Segment Open

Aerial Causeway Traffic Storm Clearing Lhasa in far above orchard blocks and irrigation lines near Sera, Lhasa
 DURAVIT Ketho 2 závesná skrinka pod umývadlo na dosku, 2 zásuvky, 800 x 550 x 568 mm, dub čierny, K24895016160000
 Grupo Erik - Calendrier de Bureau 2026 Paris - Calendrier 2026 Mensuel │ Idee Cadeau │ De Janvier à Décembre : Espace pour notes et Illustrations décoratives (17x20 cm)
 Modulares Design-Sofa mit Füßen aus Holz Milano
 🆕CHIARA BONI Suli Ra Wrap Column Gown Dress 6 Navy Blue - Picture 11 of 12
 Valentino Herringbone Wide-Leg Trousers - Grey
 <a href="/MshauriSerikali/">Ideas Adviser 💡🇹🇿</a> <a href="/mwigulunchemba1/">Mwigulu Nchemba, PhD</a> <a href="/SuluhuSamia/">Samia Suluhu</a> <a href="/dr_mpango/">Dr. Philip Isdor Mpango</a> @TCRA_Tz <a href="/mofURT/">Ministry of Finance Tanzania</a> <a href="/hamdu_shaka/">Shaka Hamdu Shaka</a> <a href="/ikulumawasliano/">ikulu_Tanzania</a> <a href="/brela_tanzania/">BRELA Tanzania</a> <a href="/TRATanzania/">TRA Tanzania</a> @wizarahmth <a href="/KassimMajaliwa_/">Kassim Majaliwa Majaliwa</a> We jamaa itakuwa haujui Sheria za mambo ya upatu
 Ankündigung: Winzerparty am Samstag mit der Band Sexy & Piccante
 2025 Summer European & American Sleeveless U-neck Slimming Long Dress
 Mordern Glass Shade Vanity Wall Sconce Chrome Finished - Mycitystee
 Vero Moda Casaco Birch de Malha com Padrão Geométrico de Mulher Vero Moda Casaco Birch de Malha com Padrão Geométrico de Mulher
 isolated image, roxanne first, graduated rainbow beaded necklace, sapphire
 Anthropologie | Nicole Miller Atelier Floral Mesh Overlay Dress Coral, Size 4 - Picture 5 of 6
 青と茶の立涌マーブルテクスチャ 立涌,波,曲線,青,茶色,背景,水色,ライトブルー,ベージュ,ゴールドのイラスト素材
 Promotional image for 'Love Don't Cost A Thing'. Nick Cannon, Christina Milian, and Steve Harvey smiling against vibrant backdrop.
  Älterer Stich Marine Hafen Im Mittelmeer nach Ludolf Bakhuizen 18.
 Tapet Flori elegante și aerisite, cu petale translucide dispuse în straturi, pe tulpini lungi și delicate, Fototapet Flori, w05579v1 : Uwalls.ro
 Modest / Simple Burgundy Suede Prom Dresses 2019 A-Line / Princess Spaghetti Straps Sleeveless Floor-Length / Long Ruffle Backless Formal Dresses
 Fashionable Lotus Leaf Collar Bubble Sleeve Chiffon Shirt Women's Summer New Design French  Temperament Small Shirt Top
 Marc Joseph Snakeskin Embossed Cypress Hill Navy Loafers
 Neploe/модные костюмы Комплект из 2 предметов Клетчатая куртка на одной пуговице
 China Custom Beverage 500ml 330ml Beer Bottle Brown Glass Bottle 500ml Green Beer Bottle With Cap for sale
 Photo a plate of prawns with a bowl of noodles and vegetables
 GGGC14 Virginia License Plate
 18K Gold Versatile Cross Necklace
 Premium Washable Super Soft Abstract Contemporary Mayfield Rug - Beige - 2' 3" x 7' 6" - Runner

Segment Closed

**Your objective:** What you return must match the listing above exactly, with every line included.

**Task answer:**
Aerial Causeway Traffic Storm Clearing Lhasa in far above orchard blocks and irrigation lines near Sera, Lhasa
 DURAVIT Ketho 2 závesná skrinka pod umývadlo na dosku, 2 zásuvky, 800 x 550 x 568 mm, dub čierny, K24895016160000
 Grupo Erik - Calendrier de Bureau 2026 Paris - Calendrier 2026 Mensuel │ Idee Cadeau │ De Janvier à Décembre : Espace pour notes et Illustrations décoratives (17x20 cm)
 Modulares Design-Sofa mit Füßen aus Holz Milano
 🆕CHIARA BONI Suli Ra Wrap Column Gown Dress 6 Navy Blue - Picture 11 of 12
 Valentino Herringbone Wide-Leg Trousers - Grey
 <a href="/MshauriSerikali/">Ideas Adviser 💡🇹🇿</a> <a href="/mwigulunchemba1/">Mwigulu Nchemba, PhD</a> <a href="/SuluhuSamia/">Samia Suluhu</a> <a href="/dr_mpango/">Dr. Philip Isdor Mpango</a> @TCRA_Tz <a href="/mofURT/">Ministry of Finance Tanzania</a> <a href="/hamdu_shaka/">Shaka Hamdu Shaka</a> <a href="/ikulumawasliano/">ikulu_Tanzania</a> <a href="/brela_tanzania/">BRELA Tanzania</a> <a href="/TRATanzania/">TRA Tanzania</a> @wizarahmth <a href="/KassimMajaliwa_/">Kassim Majaliwa Majaliwa</a> We jamaa itakuwa haujui Sheria za mambo ya upatu
 Ankündigung: Winzerparty am Samstag mit der Band Sexy & Piccante
 2025 Summer European & American Sleeveless U-neck Slimming Long Dress
 Mordern Glass Shade Vanity Wall Sconce Chrome Finished - Mycitystee
 Vero Moda Casaco Birch de Malha com Padrão Geométrico de Mulher Vero Moda Casaco Birch de Malha com Padrão Geométrico de Mulher
 isolated image, roxanne first, graduated rainbow beaded necklace, sapphire
 Anthropologie | Nicole Miller Atelier Floral Mesh Overlay Dress Coral, Size 4 - Picture 5 of 6
 青と茶の立涌マーブルテクスチャ 立涌,波,曲線,青,茶色,背景,水色,ライトブルー,ベージュ,ゴールドのイラスト素材
 Promotional image for 'Love Don't Cost A Thing'. Nick Cannon, Christina Milian, and Steve Harvey smiling against vibrant backdrop.
  Älterer Stich Marine Hafen Im Mittelmeer nach Ludolf Bakhuizen 18.
 Tapet Flori elegante și aerisite, cu petale translucide dispuse în straturi, pe tulpini lungi și delicate, Fototapet Flori, w05579v1 : Uwalls.ro
 Modest / Simple Burgundy Suede Prom Dresses 2019 A-Line / Princess Spaghetti Straps Sleeveless Floor-Length / Long Ruffle Backless Formal Dresses
 Fashionable Lotus Leaf Collar Bubble Sleeve Chiffon Shirt Women's Summer New Design French  Temperament Small Shirt Top
 Marc Joseph Snakeskin Embossed Cypress Hill Navy Loafers
 Neploe/модные костюмы Комплект из 2 предметов Клетчатая куртка на одной пуговице
 China Custom Beverage 500ml 330ml Beer Bottle Brown Glass Bottle 500ml Green Beer Bottle With Cap for sale
 Photo a plate of prawns with a bowl of noodles and vegetables
 GGGC14 Virginia License Plate
 18K Gold Versatile Cross Necklace
 Premium Washable Super Soft Abstract Contemporary Mayfield Rug - Beige - 2' 3" x 7' 6" - Runner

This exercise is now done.